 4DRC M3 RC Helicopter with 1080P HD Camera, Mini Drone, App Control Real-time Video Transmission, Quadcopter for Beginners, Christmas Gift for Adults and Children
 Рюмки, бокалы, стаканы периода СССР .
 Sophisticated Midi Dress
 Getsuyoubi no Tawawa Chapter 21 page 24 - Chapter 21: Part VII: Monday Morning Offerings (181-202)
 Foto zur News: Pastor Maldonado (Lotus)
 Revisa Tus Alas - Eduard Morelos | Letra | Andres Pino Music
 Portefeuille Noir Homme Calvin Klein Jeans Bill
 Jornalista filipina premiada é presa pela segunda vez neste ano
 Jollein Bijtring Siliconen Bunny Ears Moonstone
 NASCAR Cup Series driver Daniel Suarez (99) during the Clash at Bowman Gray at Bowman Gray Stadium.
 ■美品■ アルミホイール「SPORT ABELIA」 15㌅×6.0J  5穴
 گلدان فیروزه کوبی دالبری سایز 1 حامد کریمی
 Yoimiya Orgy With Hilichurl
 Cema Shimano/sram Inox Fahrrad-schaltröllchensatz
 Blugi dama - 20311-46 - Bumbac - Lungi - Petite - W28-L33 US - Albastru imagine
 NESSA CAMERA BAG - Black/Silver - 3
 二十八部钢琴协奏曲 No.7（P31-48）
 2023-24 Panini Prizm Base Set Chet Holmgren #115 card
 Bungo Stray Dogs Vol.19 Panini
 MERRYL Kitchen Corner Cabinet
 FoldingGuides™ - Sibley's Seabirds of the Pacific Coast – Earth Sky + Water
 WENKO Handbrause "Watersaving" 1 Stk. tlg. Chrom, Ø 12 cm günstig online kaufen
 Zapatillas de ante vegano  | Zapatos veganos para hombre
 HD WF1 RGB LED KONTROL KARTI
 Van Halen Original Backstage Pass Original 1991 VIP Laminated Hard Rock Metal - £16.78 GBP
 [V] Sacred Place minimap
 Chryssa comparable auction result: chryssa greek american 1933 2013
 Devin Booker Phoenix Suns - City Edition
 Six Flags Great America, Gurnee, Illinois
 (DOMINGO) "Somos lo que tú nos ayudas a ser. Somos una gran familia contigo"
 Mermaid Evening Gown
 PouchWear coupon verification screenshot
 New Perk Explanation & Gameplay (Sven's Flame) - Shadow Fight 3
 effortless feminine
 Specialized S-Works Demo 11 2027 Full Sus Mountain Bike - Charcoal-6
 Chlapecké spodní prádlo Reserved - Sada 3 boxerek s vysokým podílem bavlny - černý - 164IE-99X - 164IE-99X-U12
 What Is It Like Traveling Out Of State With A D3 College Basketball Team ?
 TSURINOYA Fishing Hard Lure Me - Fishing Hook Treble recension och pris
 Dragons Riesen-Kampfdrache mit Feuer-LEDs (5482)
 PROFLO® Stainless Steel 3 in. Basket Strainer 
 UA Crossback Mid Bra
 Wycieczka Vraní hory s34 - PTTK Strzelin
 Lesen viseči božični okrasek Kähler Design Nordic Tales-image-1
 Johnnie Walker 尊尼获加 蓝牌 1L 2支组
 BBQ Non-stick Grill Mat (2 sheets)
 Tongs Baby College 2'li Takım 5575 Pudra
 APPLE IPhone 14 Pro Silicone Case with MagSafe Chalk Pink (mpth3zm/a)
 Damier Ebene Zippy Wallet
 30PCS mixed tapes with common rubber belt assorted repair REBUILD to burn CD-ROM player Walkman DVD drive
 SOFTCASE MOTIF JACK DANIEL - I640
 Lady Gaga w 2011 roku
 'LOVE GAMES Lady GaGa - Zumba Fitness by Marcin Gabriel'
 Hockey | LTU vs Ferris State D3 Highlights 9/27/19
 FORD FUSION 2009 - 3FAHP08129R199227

= = = = = = =

Exercise description –
From the first line of the records through the line with "Jornalista filipina premiada", retype everything word for word, including both ends.

Solution to this exercise –
 4DRC M3 RC Helicopter with 1080P HD Camera, Mini Drone, App Control Real-time Video Transmission, Quadcopter for Beginners, Christmas Gift for Adults and Children
 Рюмки, бокалы, стаканы периода СССР .
 Sophisticated Midi Dress
 Getsuyoubi no Tawawa Chapter 21 page 24 - Chapter 21: Part VII: Monday Morning Offerings (181-202)
 Foto zur News: Pastor Maldonado (Lotus)
 Revisa Tus Alas - Eduard Morelos | Letra | Andres Pino Music
 Portefeuille Noir Homme Calvin Klein Jeans Bill
 Jornalista filipina premiada é presa pela segunda vez neste ano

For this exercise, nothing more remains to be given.